Car la vérité est toute simple.
Avec le temps un désaccord s’était installé entre nous sur la façon d’organiser le poste d’assistante .Quelque chose s’est déréglé peu à peu. Phénomène très ordinaire dans des relations de travail. Les choses devenaient impossibles pour tout le monde. Les crises étaient récurrentes avec chacun. Comme dans beaucoup d’autres émissions, l’équipe de « Là-bas » ressemble à un petit orchestre. Difficile d’y jouer un autre air sur un autre tempo. Et il faut beaucoup de feeling pour assurer le bœuf quotidien ! En Mai, lors d’un déjeuner, l’équipe lui a conseillé de décrocher. Inconcevable, pour elle. Elle est tombée en larmes et s’est enfuie comme un enfant chassé par sa famille.

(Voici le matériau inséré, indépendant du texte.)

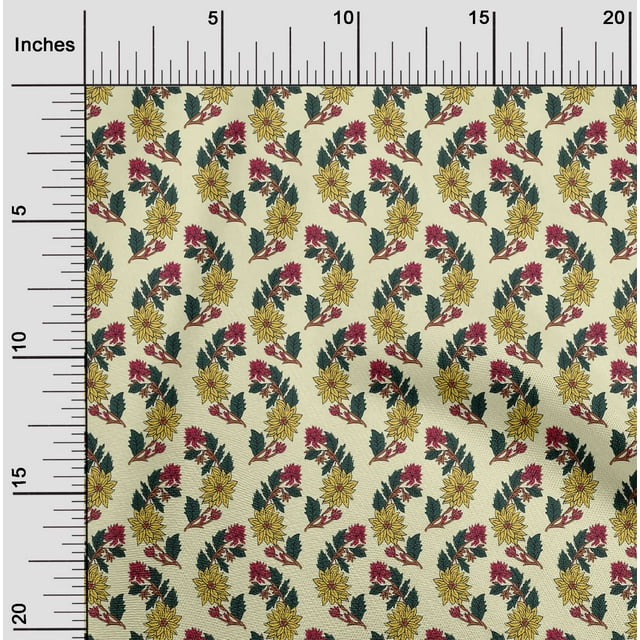 oneOone Cotton Poplin Fabric Leaves & Floral Block Print Fabric BTY 56 Inch Wide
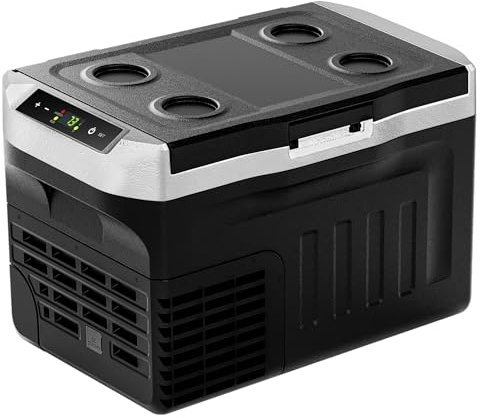EUHOMY 12 volt kylskåp, 12 V bilkylskåp 22 QT (21 L) bärbar frys (-15,6 °F~44 °F), kompressor elektrisk kylare med 12/24 V DC och 110-240 V AC, kompressor elektrisk kylare för camping, resor, lastbil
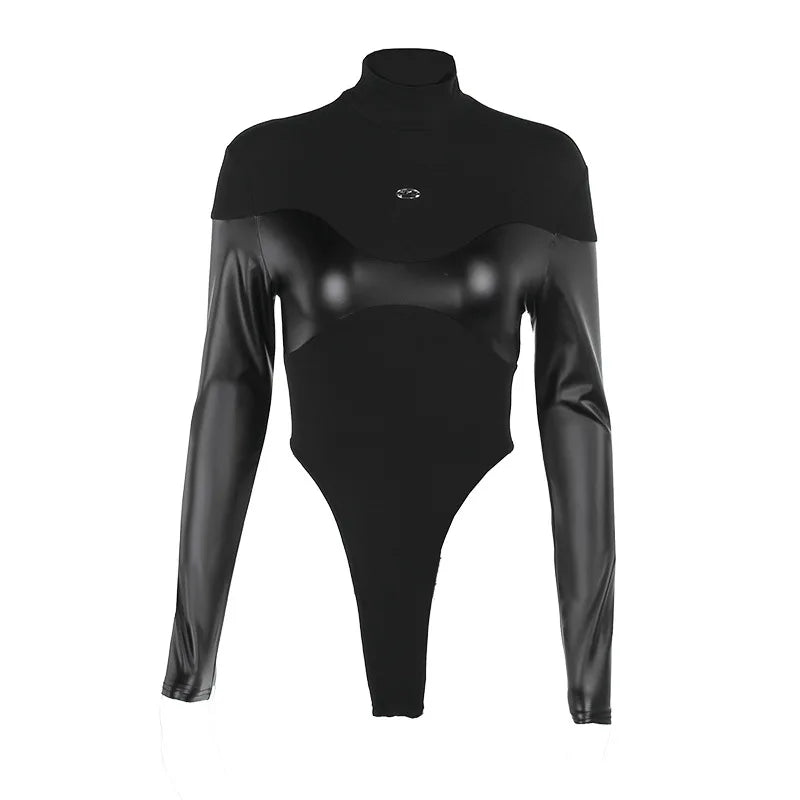 Long Sleeve Bodycon Lenceria Femenina Turtleneck Lingerie Sexy Body Feminino Black Tops Women PU Patchwork One-Pieces Bodysuit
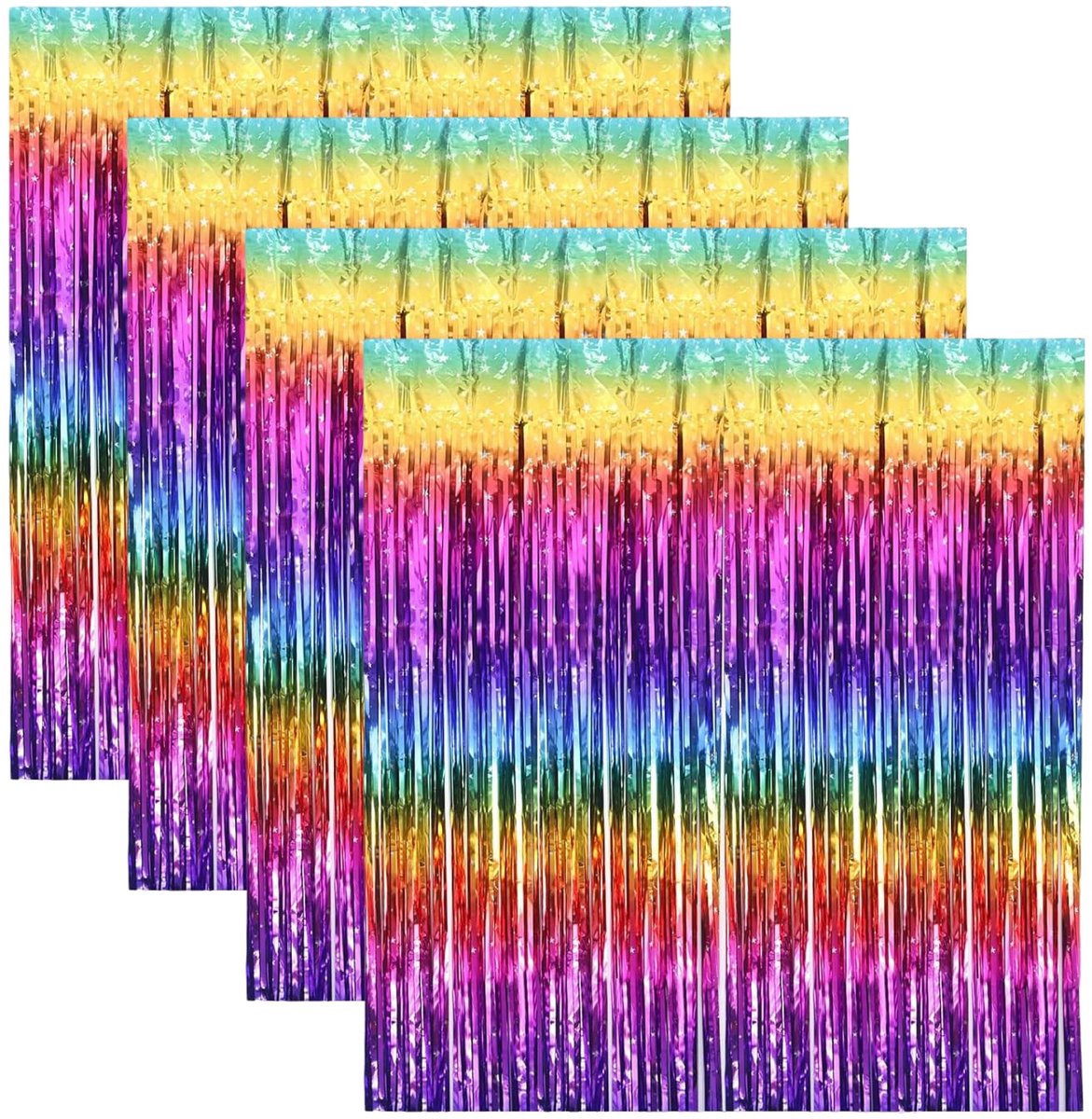 Gordijnen, kleurrijk, glittergordijn, lametta, regenboog, glitter gordijn voor verjaardag, bruiloft en podiumoptredens, carnavaldecoratie, 1 m x 2 m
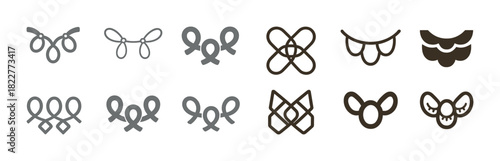 Set of decorative bow and ribbon icons in black and gray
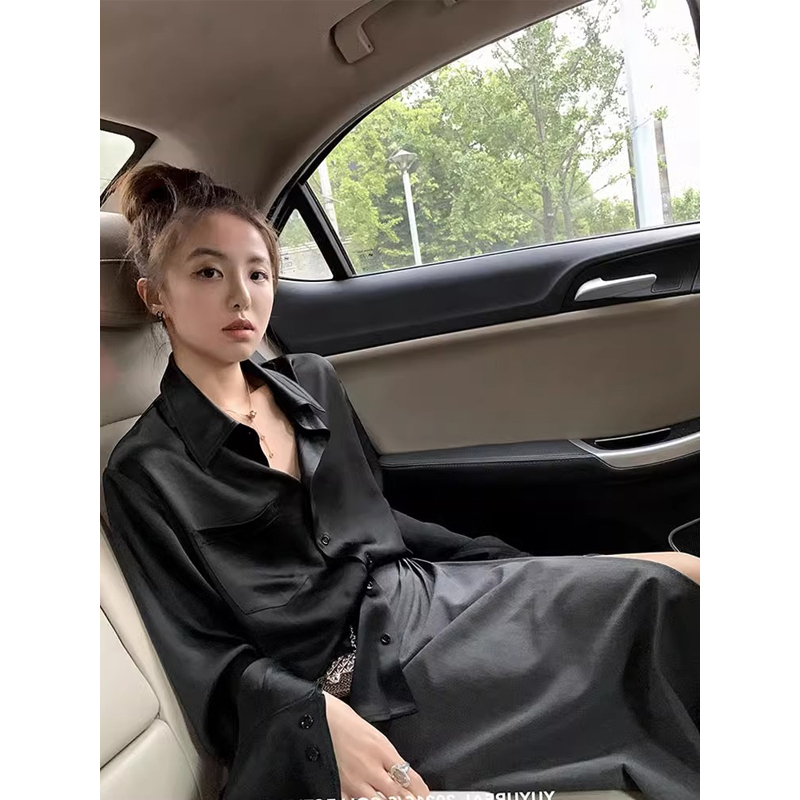 Acetate Satin Shirt for Women, Long-Sleeved, Spring and Autumn Women's Clothing, Drapey French Style, High-End Ol Shirt, Classy Black Top Acetate Satin Shirt for Women, Long-Sleeved, Spring and Autumn Women's Clothing, Drapey French Style, High-End Ol Shirt, Classy Black Top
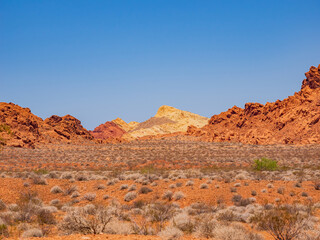 Sunny view of the landscape of Valley of Fire State Park
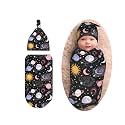 Space Galaxy Swaddle Blanket with Beanie Set, Soft and Stretchy Swaddlling Blanket for Boy and Girl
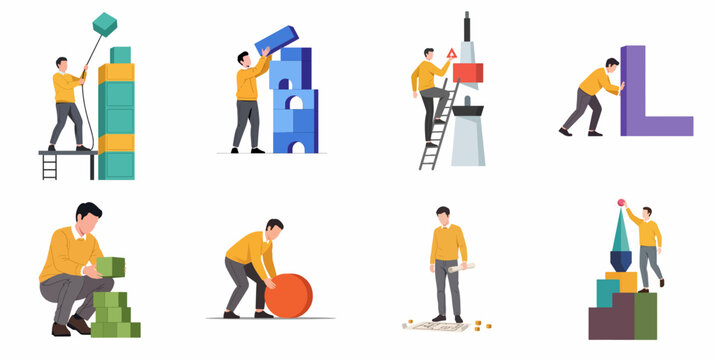 Business development and growth concept with man building structures using geometric blocks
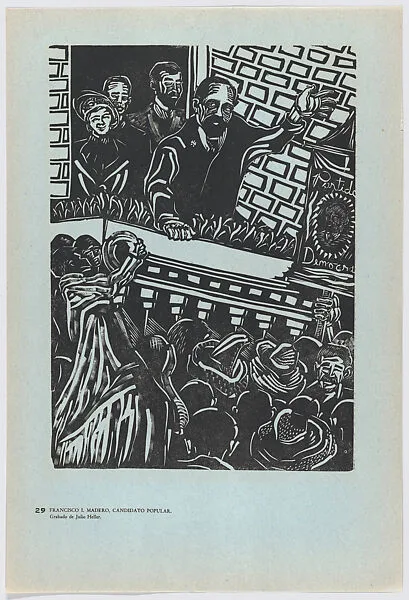 Plate 29: Francisco I. Madera addressing the crowd from a balcony, from the portfolio 'Estampas de la revolución Mexicana' (prints of the Mexican Revolution) — Taller de Gráfica Popular|Jules Heller
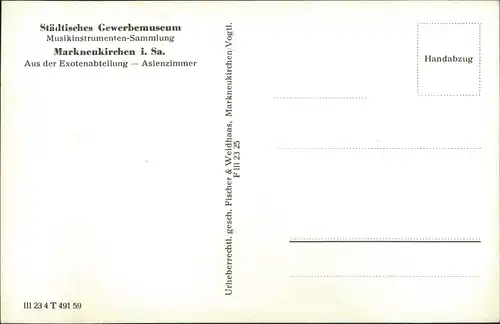 Ansichtskarte Markneukirchen Gewerbemuseum Asienzimmer 1959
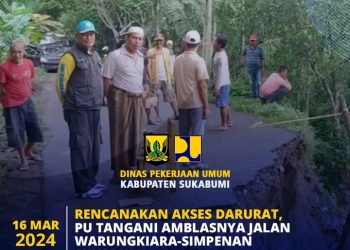 Jalan Penghubung Kecamatan Simpenan – Warungkiara Amblas Tergerus Air Cimandiri, DPU Kab. Sukabumi Wacanakan Akses Darurat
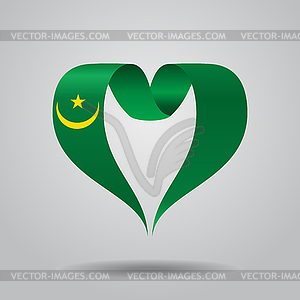 Mauritanian flag heart-shaped ribbon.  - vector image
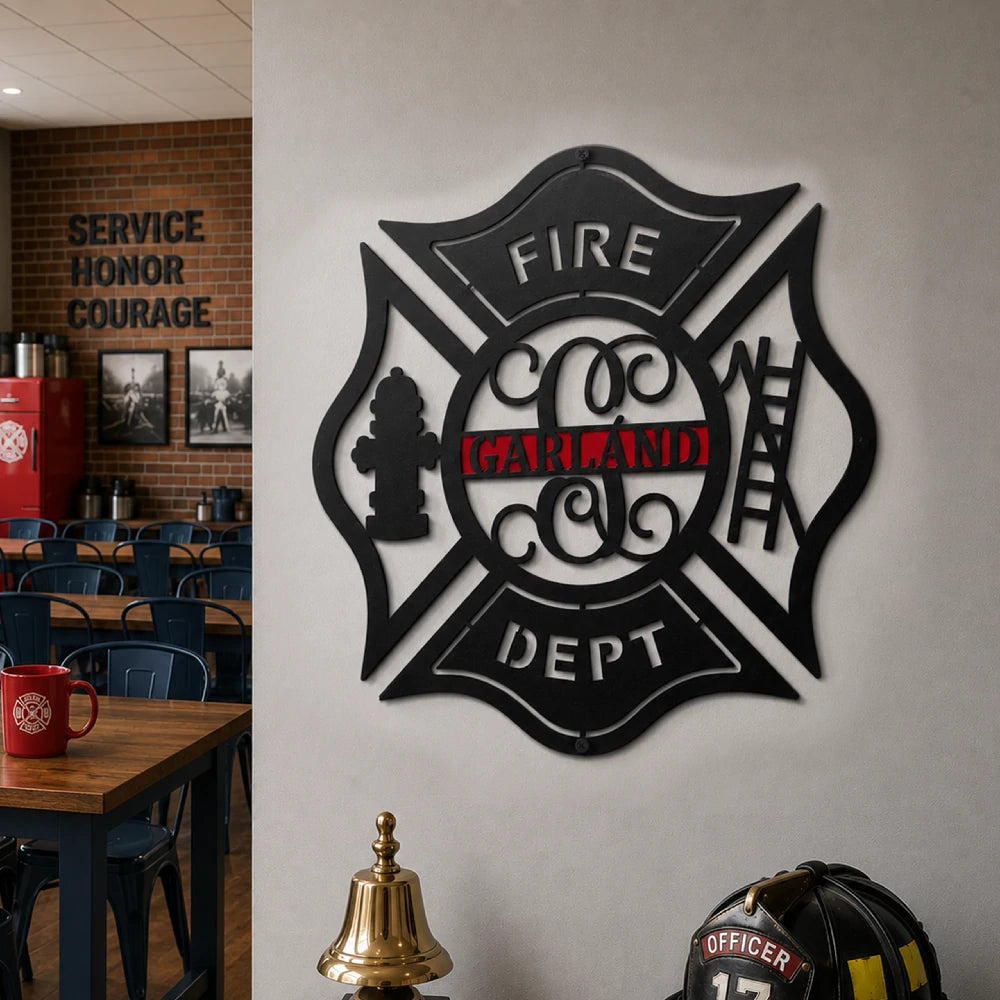 Firefighter Maltese Cross | Custom Metal Door Hanger Sign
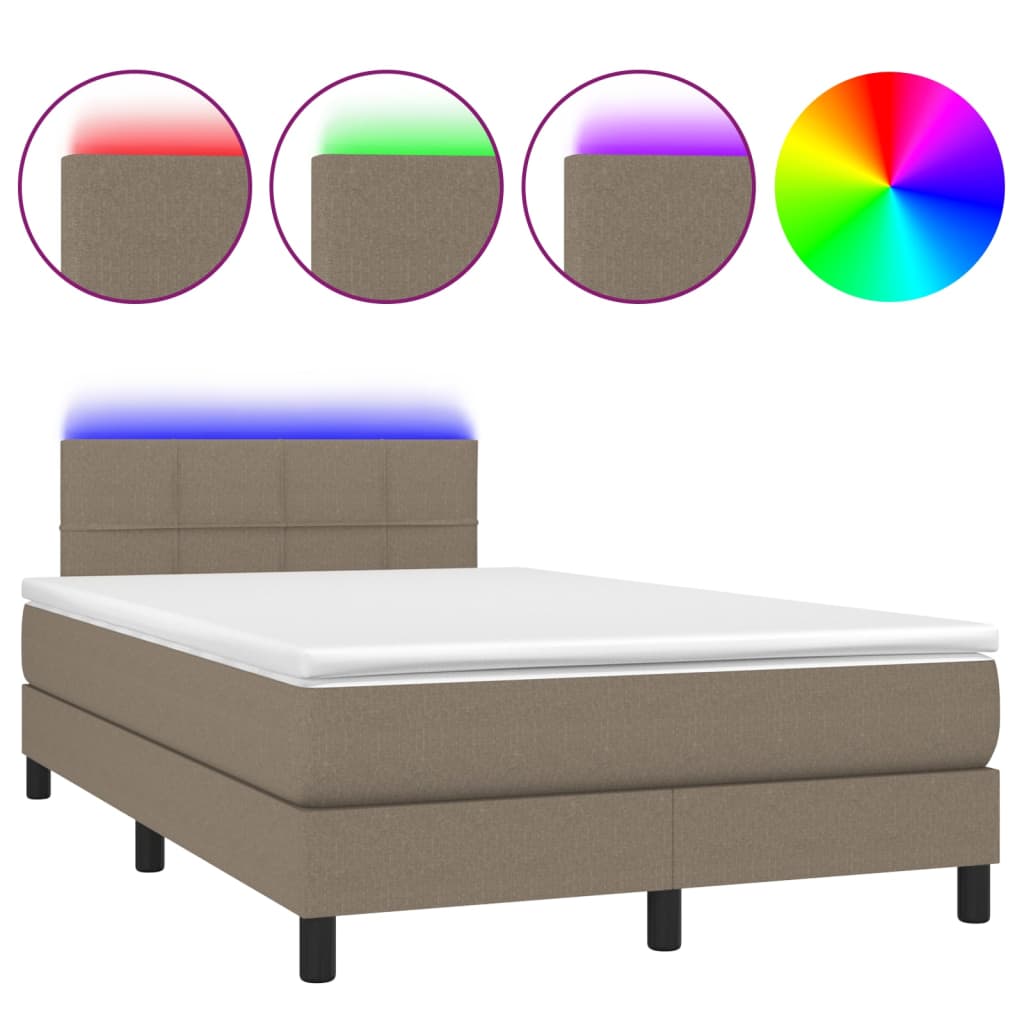 vidaXL Κρεβάτι Boxspring με Στρώμα & LED Taupe 120x200 εκ. Υφασμάτινο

Depuis septembre 89, « Là-bas » n’existe que par l’engagement et les convictions de celles et de ceux qui ont vécu et fait vivre cette aventure. Parmi une soixantaine de collaborateurs depuis quinze ans, il y a eu des révélations, des erreurs de casting, des fâcheries et des retours, de vraies amitiés et de grandes amours...Et de solides rancunes ! De vraies rancunes villageoises qui se transmettront jusqu’à la septième génération de moquette au long des couloirs de la maison ronde bien après sa privatisation...
Je pourrai reprendre chaque point du texte de Joëlle, et dénoncer amalgames confusionnels, allégations sans preuve, citations soigneusement extraites du contexte, etc...Je n’ajouterai que la mesquinerie à la stérilité [3]. De n’importe quelle expérience humaine, n’importe qui peut tirer un bilan accablant. Il suffit d’accumuler tous les mauvais moments d’une histoire, coups de colère, malentendus, vacheries, fâcheries...vous pouvez en inventer, tous les coups sont permis, vous les épluchez, vous les mitonnez, vous les servez avec une sauce au fiel...L’inconvénient c’est que ça vous oblige à jeter les bons moments vécus, tout ce que vous aviez pris et appris, les petits et les grands bonheurs, les jolis morceaux de lutte et de vie, les commandos fadas, les naissances, les coups de rouge sur un coin de bureau...C’est très dur quand il faut déchirer les photos !
Et voilà pourquoi Joëlle n’est pas partie à temps. Pour les photos, pour les futures photos. Parce qu’elle était partie prenante, trop généreuse, trop attachée. Il aurait fallu changer bien plus tôt, en douceur, aller voir là-bas si j’y suis. Mais allez donc essayer de mettre de la raison dans une histoire d’amour ! Au lieu de ça, Joëlle a mis en acte un autre de nos titres : « Mords la main qui te nourrit » ! ...
Joëlle, sans rancune, je te tends celle qui me reste.
Daniel Mermet, 1er décembre 2003.
zut, databaza a ressorti les poubelles mais en a oublié chez lui.
Passionnant, je veux mettre tout cela dans une bouteille en plastique que je déposerais en bas de ma mairie.